**EXERCISE GOAL**.
What you return must be the full data, repeated verbatim, with no pictures in it.

--

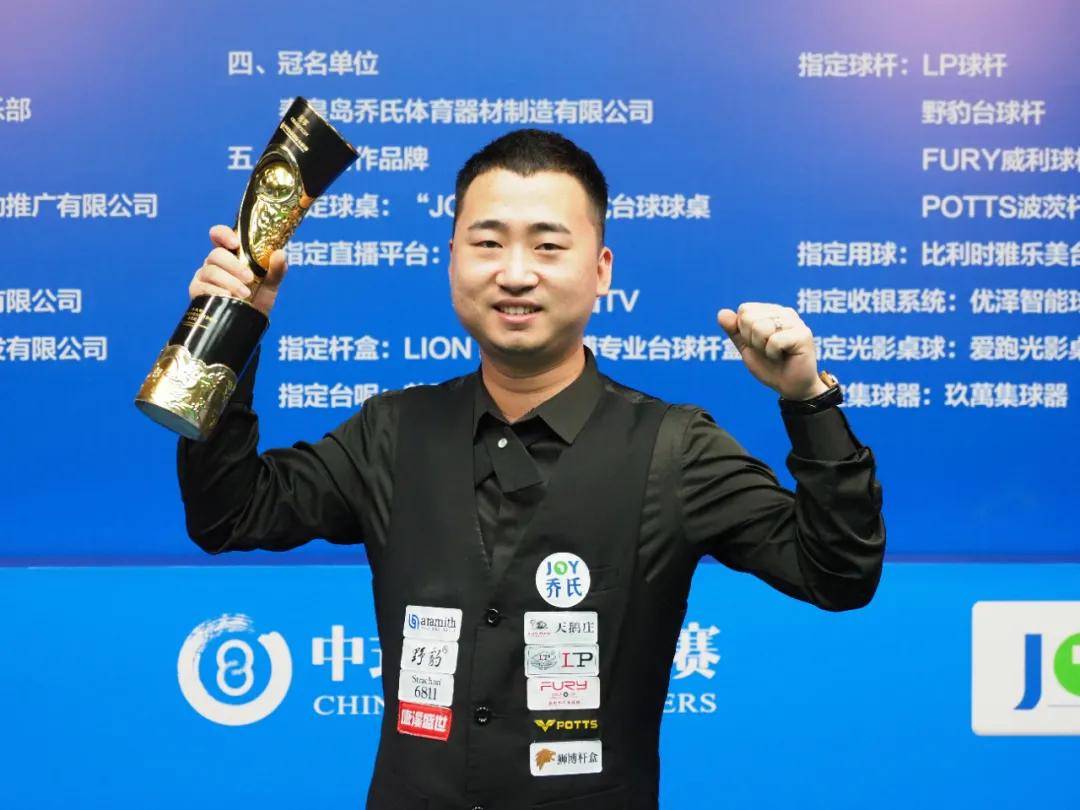 事件的重要 事件的重要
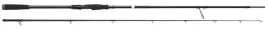2-x-wedka-savage-gear-sg2-fast-game-198m-20-60g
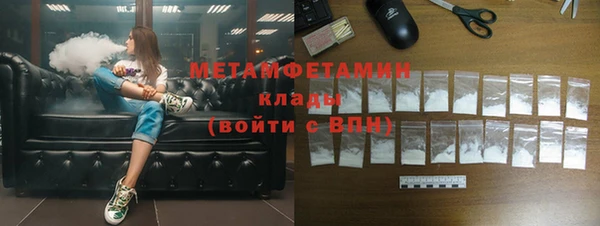 героин Арсеньев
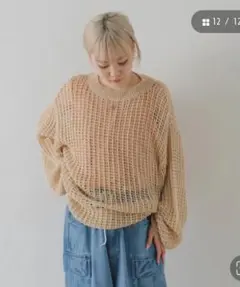 カスタネ WHIMSIC メッシュニットプルオーバー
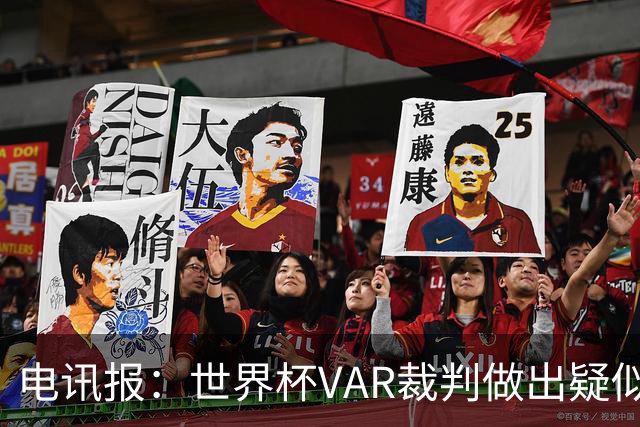 电讯报：世界杯VAR裁判做出疑似种族主义手势，FIFA已展开调查
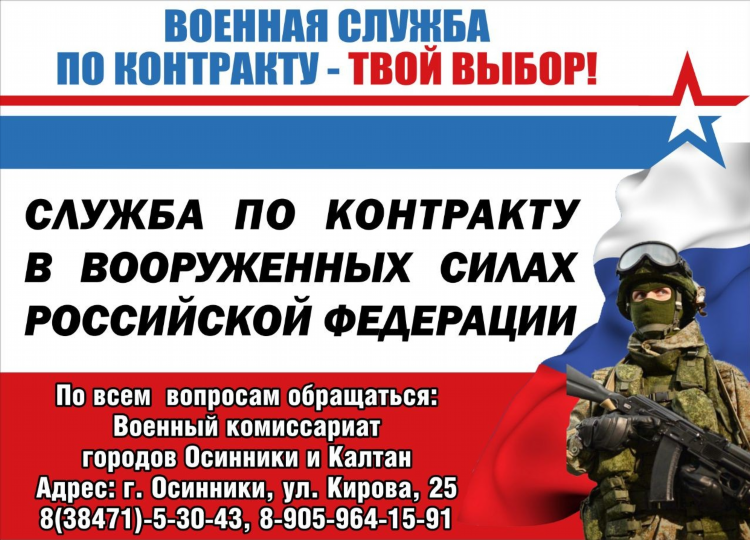 Военный комиссариат калининграда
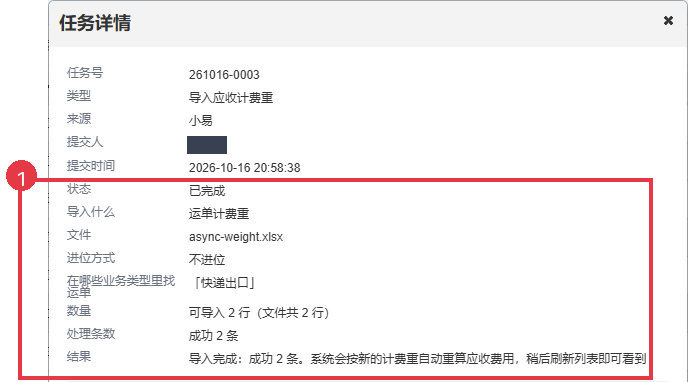 重量已导入成功，显示进位方式和成功数量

--

**SOLUTION FOR THIS TASK**.
 事件的重要 事件的重要
2-x-wedka-savage-gear-sg2-fast-game-198m-20-60g
 героин Арсеньев
 カスタネ WHIMSIC メッシュニットプルオーバー
 电讯报：世界杯VAR裁判做出疑似种族主义手势，FIFA已展开调查
 Военный комиссариат калининграда
 重量已导入成功，显示进位方式和成功数量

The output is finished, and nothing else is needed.